They may *go down*. Or there may be yield issues instead, producing millions of useless silicon dies in the process. Once again, HBM is hard enough that AMD did not even bother putting 3rd/4th stack of it on their incoming halo GPU, consider that for a minute. Not to mention, the inherent cost of interposer is easily over 5 times larger than inherent cost of APU die itself, without any memory in consideration. If you claim that Zeppelin is ~$20 to produce, then interposer alone will, from basic math, be ~$100 or more to produce. Then whatever it requires for the memory. And that's with assumption of no yield issues, interposers are sensitive bunch. If there are, which i expect to be there should such design ever get a pass, it would be relatively small in volume, theses costs go up even more. It is not even unrealistic to end up landing at $200 minimum cost for such APU... That does not make it compelling suggestion on cost.

Want to know the reason why they decided to put only 2 stacks? Because its cheap enough to make it not only to the highest end GPUs, and APUs, but also slightly cheaper ones. Vega 11 will cost at best 399$. Mainstream APU will cost at best 299$. Those are the price markets they have targeted. HBM2 gives enough bandwidth, with 2 stacks, and is cheap enough, to make it apparent in wider market.

lolfail9001 · Feb 26, 2017

Glo. said:
Want to know the reason why they decided to put only 2 stacks?

Sure. While you're at it, explain the reason why nVidia's salvage parts for Tesla P100 actually lose a stack of HBM2 instead of any more GPU parts.

Glo. said:
Because its cheap enough to make it not only to the highest end GPUs, and APUs, but also slightly cheaper ones. Vega 11 will cost at best 399$.

We had literally 0 information about Vega 11 so far, so hold your horses.

Glo. said:
Mainstream APU will cost at best 299$.

And here the issue arises: and where does it go? If it can't prove itself more efficient than dGPU+pure CPU/basic APU with hybrid graphics combo, it is waste of money. Your own description ensures it can't fit the bill.

Glo. said:
HBM2 gives enough bandwidth, with 2 stacks, and is cheap enough, to make it apparent in wider market

Sure, find a cost of single HBM2 stack and cost of... let's give it 600mm^2 because these stacks sure look big, interposer. For reference, few years ago, a single GGDR5 512GB (i believe) chip in bulk had a cost of $5 in bulk. That's probably the cost of 1GB one but i won't claim it as a fact.

JDG1980 · Feb 26, 2017

lolfail9001 said:
They may *go down*. Or there may be yield issues instead, producing millions of useless silicon dies in the process.

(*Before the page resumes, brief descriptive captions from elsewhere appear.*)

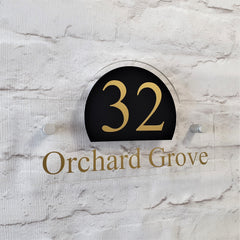 Modern Address Plaque/House Number Door Sign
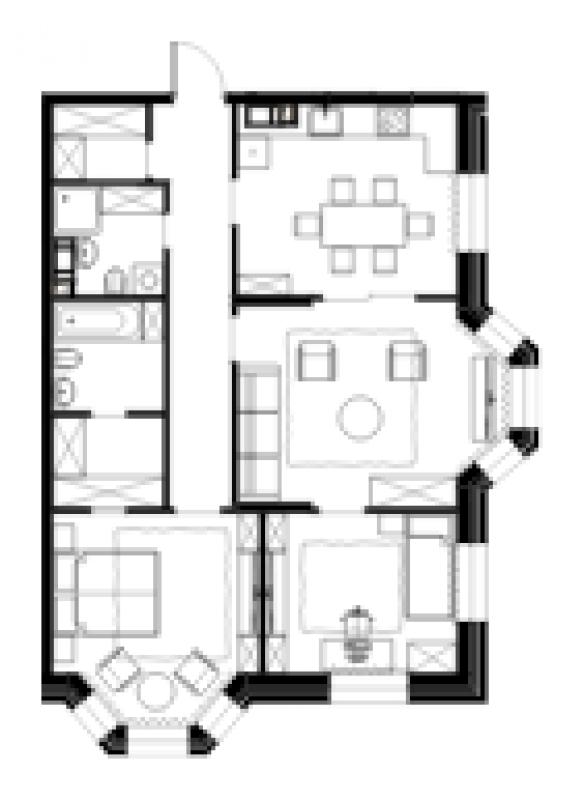 2-комнатная квартира с отделкой в ЖК Bauman House на 15 этаже в 1 секции. Сдача в 4 кв. 2021 г.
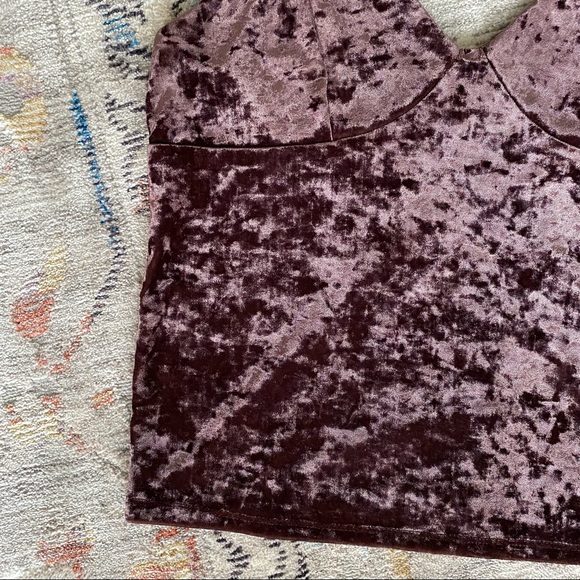 American Eagle Size S Crushed Velvet Camisole Tank Top in Purple - Picture 5 of 7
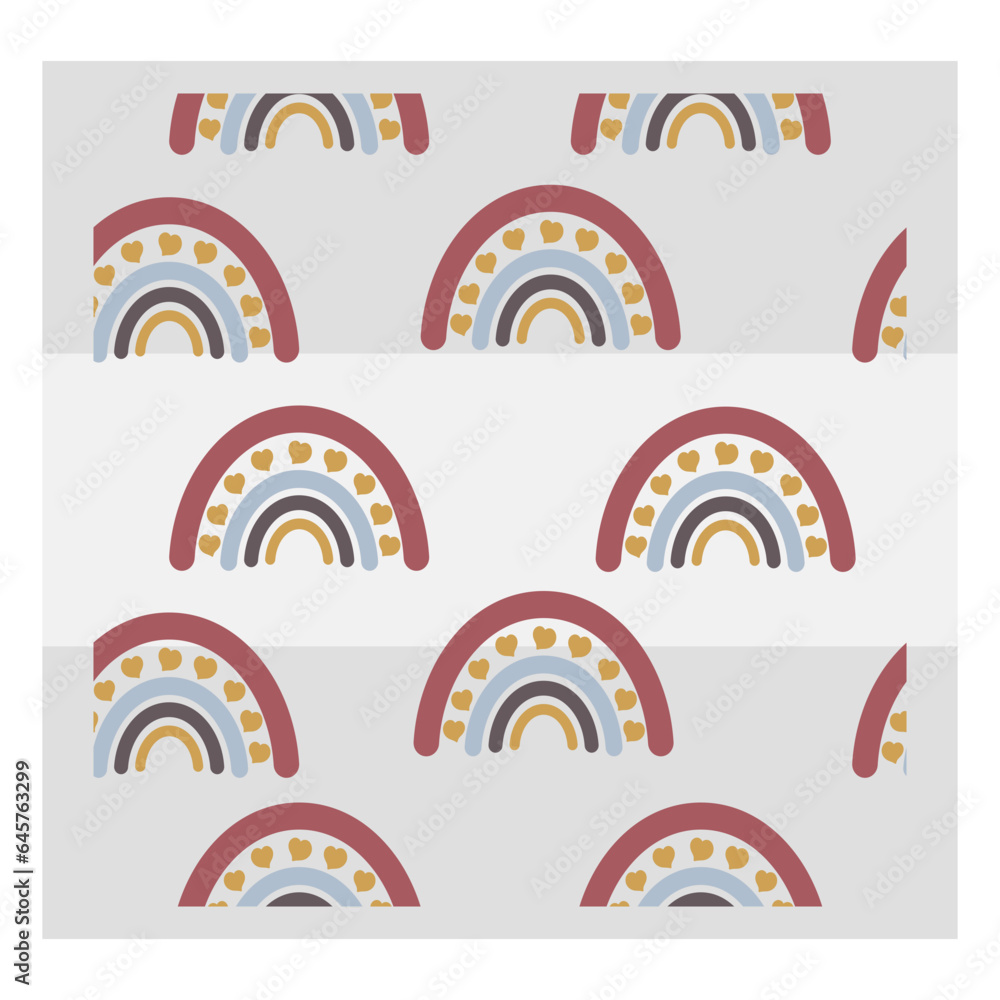 Fototapeta premium Rainbow Pattern, seamless pattern, Cute Rainbow Svg, Pattern Svg, Baby Rainbow Svg, Pastel Rainbow Svg, seamless Vector, pattern background, Vector, seamless pattern eps
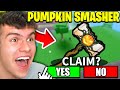 How To GET THE PUMPKIN SMASHER In Roblox King Legacy! Halloween Event!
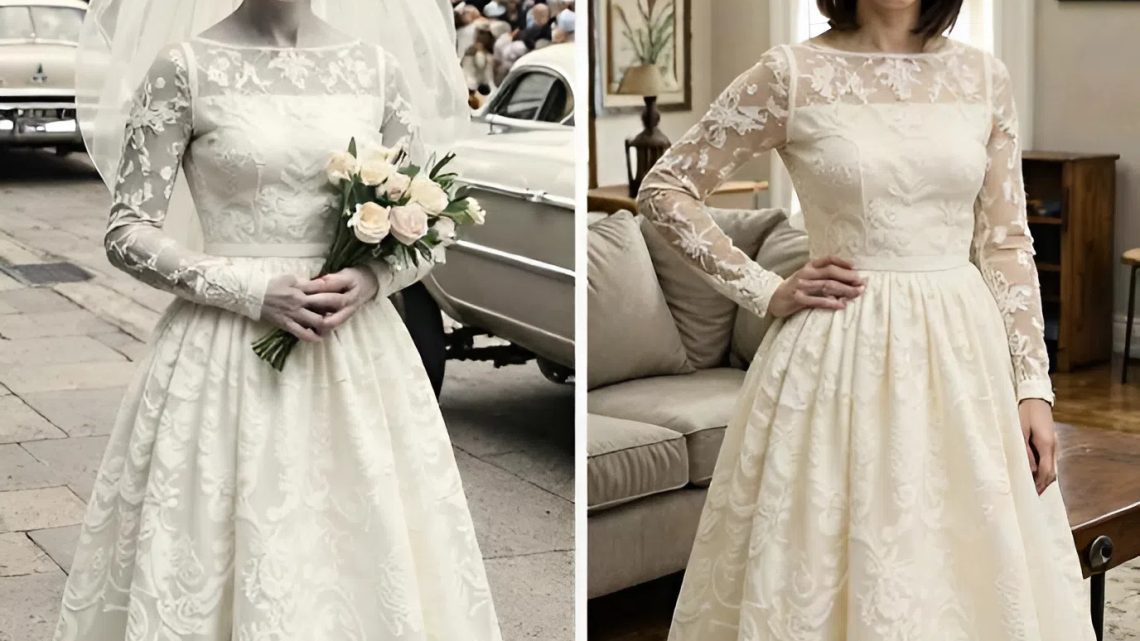 Ich beschloss, zu Ehren meiner Großmutter ihr Hochzeitskleid zu tragen – doch als ich es umändern ließ, fand ich einen versteckten Zettel, der die Wahrheit über meine Eltern enthüllte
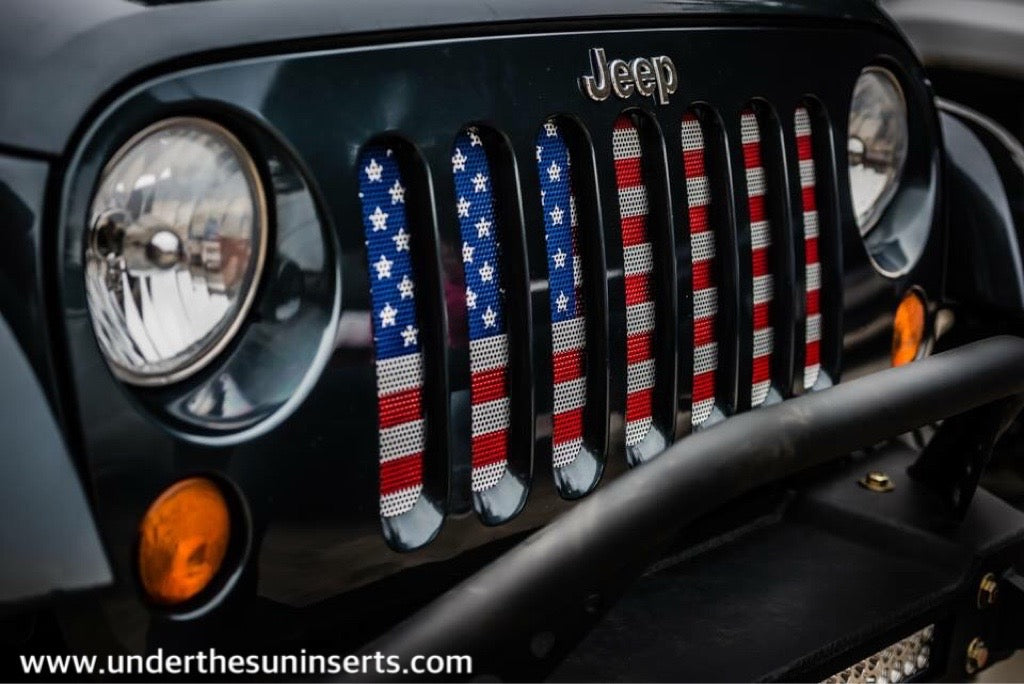 Classic Old Glory Collection American Flag Grille Inserts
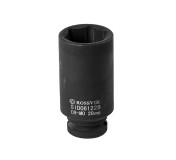 SID061228 Головка торцевая ударная, глубокая ROSSVIK, 1/2", 28мм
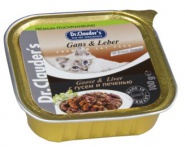 Dr.Clauder's консервы для кошек мясные кусочки в соусе с гусем и печенью 100 гр ламистер 60027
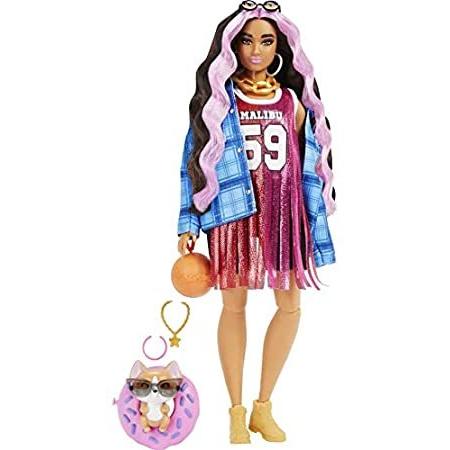 特別価格Barbie Extra Doll #13 in Basketball Jersey Dress & Accessories, with Pet Co好評販売中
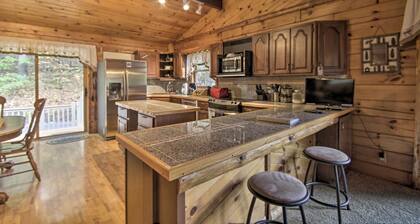 Deck w/ Private Hot Tub: James Creek Cabin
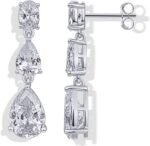 PAVOI 14K Gold Plated CZ Dangle Earrings for Women, Long Bridal Earrings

Bad yields are a sign of an immature process. Yields will improve with time and experience, thus driving the cost per (working) part down.

lolfail9001 said:
Once again, HBM is hard enough that AMD did not even bother putting 3rd/4th stack of it on their incoming halo GPU, consider that for a minute.

If two stacks can provide 16GB with enough memory bandwidth for Vega, then why bother with four? Just to show off? I don't think we can infer technical limitations from this design decision. AMD did four stacks the first time around on Fiji, so they're clearly capable of doing so if they want.

lolfail9001 said:
Not to mention, the inherent cost of interposer is easily over 5 times larger than inherent cost of APU die itself, without any memory in consideration. If you claim that Zeppelin is ~$20 to produce, then interposer alone will, from basic math, be ~$100 or more to produce.

What is your basis for the above figures? Why do you assume that an interposer (produced on an older, fully amortized process) costs 5x as much as an APU (fabricated on a leading edge process)?

Glo. · Feb 26, 2017

lolfail9001 said:
Sure. While you're at it, explain the reason why nVidia's salvage parts for Tesla P100 actually lose a stack of HBM2 instead of any more GPU parts.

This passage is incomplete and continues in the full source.